The Flash 6×09 "Crisi sulle Terre infinite Ep. III": la recensione
Nella terza parte di Crisi sulle Terre Infinite, la narrazione prende un ritmo più intenso e molte vite vengono sacrificate per un orribile tradimento
Il terzo episodio di Crisi sulle Terre infinite, l'ultimo prima della pausa natalizia nonché quello che potremmo considerare il finale di metà stagione dell'Arrowverse nel suo insieme, riprende da dove ci aveva lasciati la seconda puntata, con i supereroi riuniti nella necessità di trovare i restanti 3 campioni che ancora non sono stati identificati. La differenza più evidente di questa terza ora di crossover, è che il suo ritmo narrativo aumenta improvvisamente il passo, aggiungendo alla narrazione un certo numero di nuovi eroi e protagonisti e dividendo la sua trama in 3 distinti intrecci: la ricerca dei nuovi campioni, la conclusione del piano per la salvezza dell'anima di Oliver Queen e, naturalmente, svolgendosi questa ora nel time slot dedicato a The Flash, la risoluzione del destino del velocista scarlatto.

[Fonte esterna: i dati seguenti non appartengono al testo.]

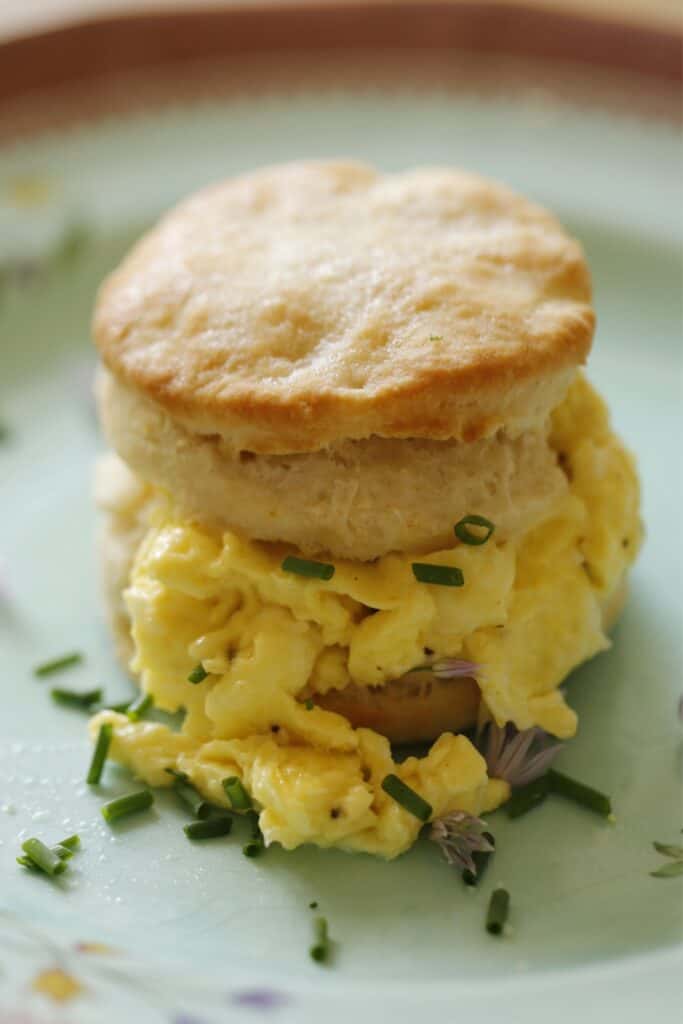 Buttermilk Biscuit and Scrambled Egg Sandwich on Blue Plate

Partendo dal presupposto, che non ci stancheremo mai di ripetere, che questo crossover prende ispirazione da una miniserie a fumetti letteralmente gremita di supereroi in una quantità tale che spesso una sola facciata del fumetto non era sufficiente a contenerli tutti e ad una trama complessa che fa riferimento ad anni di pubblicazioni, non ci sorprende affatto (ed in verità attendevamo questo momento) che anche l'intreccio di questa trasposizione televisiva si sia fatto ad un certo punto più complesso, sacrificando inevitabilmente alcuni aspetti della narrazione più prettamente emotivi alle necessità della storia, cosa che si può facilmente evincere da come siano state trattate alcune storyline di questo episodio, prima tra tutte quella dedicata ad Oliver Queen.

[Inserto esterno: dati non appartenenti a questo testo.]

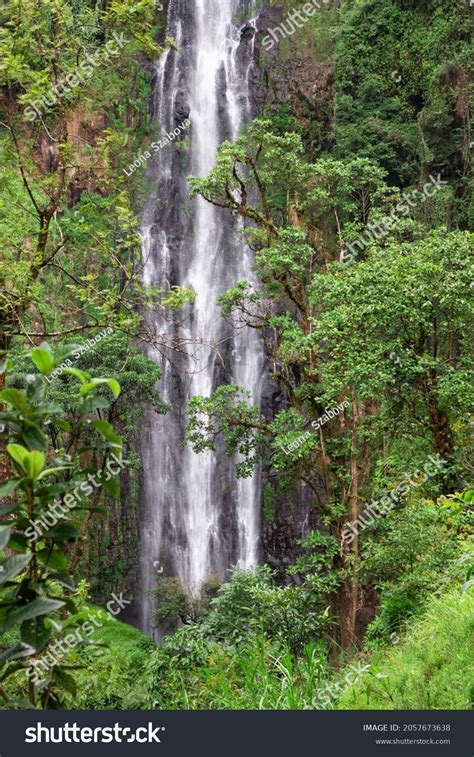 Moshi Materuni Waterfall & Kikuletwa Hot Springs Day Trip: Review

Dopo che Mia, con non poche proteste da parte di Sara, ha deciso di riportare in vita suo padre grazie al Pozzo di Lazzaro trovato su Terra-18, il gruppo di eroi costituito anche da Constantine e Diggle (David Ramsey) che finalmente si è riunito al suo amico, scoprendone sconvolto la morte avvenuta in sua assenza, si mette sulle tracce della sua anima per poterla riunire al suo corpo.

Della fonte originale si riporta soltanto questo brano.